Boise to Increase Pressure-Sensitive Capacity at Wallula Mill
April 10, 2006 (Press Release) - Boise Paper announced today that the company's board of directors has approved a $72 million capital project to expand Boise's production of pressure sensitive paper to meet growing customer demand. The project involves adding new capability to the existing 250" #3 paper machine at Boise's mill in Wallula, Washington, with state-of-the-art equipment that will increase the company's pressure sensitive capacity by 200,000 tons.
"Our objective is to be a global leader in the market for pressure sensitive papers," says Boise CEO Tom Stephens. "This project is another step forward in executing the growth strategy we have established in the specialty and premium papers businesses."
Boise started preliminary engineering and planning for the project at the end of 2004. Since then, the company has made commitments to key suppliers and has been progressing toward the equipment installation pending final board approval of the project. Construction is expected to begin in June 2006; start-up is targeted for the first quarter of 2007.
"Investing to capture the continued growth in pressure sensitive market demand is a clear commitment to growing our specialty and premium paper businesses," says Miles Hewitt, senior vice president and general manager of Boise Paper. The company has been serving the pressure sensitive market for over 30 years. The increase in capacity at Wallula and new product development will enable Boise to keep pace with growing global demand, particularly release liners used in label applications.

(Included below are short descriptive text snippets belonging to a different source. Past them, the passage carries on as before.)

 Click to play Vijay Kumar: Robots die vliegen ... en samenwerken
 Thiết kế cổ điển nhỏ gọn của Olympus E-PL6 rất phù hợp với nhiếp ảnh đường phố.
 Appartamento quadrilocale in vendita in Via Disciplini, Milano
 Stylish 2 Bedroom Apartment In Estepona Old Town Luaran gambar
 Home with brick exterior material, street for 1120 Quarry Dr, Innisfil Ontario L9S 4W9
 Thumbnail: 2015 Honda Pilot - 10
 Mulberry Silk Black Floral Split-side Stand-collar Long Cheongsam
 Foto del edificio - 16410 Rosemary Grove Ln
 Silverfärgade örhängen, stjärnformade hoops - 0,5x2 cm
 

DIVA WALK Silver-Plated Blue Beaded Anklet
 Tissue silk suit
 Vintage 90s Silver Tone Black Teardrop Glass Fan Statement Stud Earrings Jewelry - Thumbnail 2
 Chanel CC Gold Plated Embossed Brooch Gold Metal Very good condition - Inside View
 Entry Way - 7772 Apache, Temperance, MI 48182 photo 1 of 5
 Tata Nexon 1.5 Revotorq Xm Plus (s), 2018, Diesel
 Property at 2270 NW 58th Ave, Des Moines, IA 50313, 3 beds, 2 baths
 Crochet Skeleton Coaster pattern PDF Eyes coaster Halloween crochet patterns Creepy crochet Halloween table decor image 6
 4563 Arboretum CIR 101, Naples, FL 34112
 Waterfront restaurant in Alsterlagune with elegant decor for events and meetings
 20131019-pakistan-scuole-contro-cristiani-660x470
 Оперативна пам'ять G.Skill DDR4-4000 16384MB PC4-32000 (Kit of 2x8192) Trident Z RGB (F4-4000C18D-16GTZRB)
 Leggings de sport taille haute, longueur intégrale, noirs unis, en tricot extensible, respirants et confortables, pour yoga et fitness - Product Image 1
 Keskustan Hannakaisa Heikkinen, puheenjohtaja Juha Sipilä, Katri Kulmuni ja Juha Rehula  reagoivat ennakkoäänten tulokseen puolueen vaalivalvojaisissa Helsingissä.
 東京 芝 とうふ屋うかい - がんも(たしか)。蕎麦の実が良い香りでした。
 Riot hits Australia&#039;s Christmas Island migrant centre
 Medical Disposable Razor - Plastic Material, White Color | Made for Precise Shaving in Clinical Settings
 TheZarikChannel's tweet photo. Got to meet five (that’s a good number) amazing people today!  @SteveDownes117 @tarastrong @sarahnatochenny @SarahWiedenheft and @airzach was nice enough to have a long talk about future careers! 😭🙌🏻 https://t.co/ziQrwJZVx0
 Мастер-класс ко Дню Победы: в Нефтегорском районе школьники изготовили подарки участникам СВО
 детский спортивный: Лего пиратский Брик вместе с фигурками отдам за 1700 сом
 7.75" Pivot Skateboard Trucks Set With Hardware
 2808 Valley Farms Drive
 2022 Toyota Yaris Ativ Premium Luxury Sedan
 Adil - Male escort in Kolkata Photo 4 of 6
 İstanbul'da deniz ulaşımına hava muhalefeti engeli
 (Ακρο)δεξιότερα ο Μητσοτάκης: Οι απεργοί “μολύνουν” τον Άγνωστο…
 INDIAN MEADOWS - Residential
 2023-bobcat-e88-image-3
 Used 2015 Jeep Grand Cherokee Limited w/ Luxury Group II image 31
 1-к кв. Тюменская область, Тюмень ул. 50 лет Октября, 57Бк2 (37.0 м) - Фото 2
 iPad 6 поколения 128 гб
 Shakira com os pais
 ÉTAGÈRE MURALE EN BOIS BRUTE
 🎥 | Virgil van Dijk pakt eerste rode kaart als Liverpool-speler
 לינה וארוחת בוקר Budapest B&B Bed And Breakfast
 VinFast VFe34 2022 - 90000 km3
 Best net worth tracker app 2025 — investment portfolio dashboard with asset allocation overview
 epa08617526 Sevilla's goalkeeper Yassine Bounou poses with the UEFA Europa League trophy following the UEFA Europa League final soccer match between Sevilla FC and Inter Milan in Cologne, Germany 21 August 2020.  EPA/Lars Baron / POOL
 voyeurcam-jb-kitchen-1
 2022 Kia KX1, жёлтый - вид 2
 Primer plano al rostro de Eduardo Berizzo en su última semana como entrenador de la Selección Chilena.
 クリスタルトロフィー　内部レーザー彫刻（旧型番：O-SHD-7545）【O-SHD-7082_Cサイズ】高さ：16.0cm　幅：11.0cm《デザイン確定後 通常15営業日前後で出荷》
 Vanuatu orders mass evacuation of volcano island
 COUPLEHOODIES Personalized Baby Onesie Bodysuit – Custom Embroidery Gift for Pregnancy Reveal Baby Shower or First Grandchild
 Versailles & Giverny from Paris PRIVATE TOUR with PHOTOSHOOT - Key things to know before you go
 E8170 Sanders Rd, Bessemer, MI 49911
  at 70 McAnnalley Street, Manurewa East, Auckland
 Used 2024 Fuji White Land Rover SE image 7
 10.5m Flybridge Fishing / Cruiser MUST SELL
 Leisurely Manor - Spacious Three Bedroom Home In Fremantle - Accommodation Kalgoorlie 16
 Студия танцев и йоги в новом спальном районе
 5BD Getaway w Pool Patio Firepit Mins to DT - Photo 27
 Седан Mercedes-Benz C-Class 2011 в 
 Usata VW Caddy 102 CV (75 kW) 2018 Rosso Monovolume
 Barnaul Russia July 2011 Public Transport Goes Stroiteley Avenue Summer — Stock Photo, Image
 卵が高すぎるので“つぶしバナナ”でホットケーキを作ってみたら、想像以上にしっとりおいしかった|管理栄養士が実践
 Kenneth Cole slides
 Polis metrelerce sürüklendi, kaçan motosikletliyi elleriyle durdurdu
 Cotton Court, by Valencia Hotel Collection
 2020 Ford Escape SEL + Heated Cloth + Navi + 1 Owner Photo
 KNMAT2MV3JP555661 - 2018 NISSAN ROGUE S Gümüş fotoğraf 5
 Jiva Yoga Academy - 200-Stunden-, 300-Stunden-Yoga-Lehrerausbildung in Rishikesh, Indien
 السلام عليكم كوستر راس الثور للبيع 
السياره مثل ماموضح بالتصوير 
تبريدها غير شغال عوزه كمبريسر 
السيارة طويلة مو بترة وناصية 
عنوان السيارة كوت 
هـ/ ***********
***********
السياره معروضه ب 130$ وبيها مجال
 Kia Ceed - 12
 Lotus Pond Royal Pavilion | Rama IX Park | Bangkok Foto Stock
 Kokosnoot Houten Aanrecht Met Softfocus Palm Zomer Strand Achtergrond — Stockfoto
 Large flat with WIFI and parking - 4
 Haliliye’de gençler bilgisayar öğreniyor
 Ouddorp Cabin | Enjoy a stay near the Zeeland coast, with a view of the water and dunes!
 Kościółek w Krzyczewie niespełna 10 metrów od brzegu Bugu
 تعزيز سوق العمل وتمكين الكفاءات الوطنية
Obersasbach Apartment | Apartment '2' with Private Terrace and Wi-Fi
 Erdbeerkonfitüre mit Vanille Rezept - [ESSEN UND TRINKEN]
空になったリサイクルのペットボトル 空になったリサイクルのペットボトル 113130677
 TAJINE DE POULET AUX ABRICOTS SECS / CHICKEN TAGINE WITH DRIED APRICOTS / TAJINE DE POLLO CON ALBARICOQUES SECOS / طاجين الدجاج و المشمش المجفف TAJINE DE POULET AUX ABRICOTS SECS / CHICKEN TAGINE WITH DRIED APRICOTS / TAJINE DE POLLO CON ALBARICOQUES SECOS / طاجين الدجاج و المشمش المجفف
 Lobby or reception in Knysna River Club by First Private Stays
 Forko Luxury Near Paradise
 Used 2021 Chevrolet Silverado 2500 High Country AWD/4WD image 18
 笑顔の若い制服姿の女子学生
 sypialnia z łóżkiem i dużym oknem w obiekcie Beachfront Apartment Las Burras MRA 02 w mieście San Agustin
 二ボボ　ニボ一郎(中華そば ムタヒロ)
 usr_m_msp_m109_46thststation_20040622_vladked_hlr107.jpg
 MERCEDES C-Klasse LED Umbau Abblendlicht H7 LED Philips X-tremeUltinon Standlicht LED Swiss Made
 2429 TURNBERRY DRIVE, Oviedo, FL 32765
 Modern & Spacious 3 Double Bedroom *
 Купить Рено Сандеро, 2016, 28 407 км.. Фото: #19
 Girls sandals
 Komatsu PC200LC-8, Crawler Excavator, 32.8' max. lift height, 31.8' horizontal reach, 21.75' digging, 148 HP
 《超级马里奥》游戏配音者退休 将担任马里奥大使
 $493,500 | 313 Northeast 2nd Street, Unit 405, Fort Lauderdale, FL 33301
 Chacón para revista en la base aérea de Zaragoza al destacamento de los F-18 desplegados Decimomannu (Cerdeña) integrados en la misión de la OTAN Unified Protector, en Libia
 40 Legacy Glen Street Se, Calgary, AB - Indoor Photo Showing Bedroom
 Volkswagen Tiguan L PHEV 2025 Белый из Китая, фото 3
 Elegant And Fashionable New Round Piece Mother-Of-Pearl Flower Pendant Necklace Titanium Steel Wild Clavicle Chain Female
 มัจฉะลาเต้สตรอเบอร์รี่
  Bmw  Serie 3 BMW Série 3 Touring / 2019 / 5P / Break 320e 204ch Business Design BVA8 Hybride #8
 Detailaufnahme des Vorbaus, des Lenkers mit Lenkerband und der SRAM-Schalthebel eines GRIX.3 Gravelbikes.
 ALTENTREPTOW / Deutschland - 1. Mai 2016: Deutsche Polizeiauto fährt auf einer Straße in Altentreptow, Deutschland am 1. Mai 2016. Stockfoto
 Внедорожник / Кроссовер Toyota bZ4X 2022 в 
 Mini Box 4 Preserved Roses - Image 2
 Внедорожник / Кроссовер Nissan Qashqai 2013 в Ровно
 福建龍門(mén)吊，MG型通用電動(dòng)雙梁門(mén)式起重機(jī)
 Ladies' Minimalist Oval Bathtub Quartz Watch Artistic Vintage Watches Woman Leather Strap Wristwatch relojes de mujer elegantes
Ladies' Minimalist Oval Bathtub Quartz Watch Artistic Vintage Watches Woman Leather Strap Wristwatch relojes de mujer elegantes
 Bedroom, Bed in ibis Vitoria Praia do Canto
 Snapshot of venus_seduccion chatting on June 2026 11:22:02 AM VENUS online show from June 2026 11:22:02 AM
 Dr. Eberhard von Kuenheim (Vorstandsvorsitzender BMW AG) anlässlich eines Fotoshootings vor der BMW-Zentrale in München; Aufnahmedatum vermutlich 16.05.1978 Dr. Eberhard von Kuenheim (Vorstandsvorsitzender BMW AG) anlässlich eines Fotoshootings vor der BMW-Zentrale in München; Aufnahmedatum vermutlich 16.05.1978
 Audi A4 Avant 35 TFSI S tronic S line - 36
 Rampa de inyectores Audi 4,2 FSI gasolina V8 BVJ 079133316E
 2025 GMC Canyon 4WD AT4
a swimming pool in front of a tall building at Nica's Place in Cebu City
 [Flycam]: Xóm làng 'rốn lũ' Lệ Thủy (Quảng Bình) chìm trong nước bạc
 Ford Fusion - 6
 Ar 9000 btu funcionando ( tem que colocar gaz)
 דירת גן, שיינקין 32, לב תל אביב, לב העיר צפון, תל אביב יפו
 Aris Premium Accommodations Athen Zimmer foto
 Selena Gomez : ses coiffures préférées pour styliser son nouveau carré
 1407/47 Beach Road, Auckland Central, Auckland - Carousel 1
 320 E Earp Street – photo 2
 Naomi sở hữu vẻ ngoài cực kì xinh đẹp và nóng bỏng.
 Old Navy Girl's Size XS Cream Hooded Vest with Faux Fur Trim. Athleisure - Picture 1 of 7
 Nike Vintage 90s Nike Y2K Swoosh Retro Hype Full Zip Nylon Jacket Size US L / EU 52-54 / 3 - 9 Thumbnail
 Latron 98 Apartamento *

Kirk Allen, business leader of Boise's Label, Release & Specialty Papers business, says, "Our technology provides us with the ability to produce coated one-side (C1S) facestocks and release liners while continuing to produce a range of uncoated products. This flexibility is critical given the value of managing pressure sensitive production growth as supply and demand dictates."
Recently passed legislation, which was signed into law by Governor Christine Gregoire in Washington State, will reduce the business and occupation tax for the forest products industry by 40%. "This legislation," says Hewitt, "and the support of Congresswoman Cathy McMorris were major factors in our decision to move forward with the project at Wallula."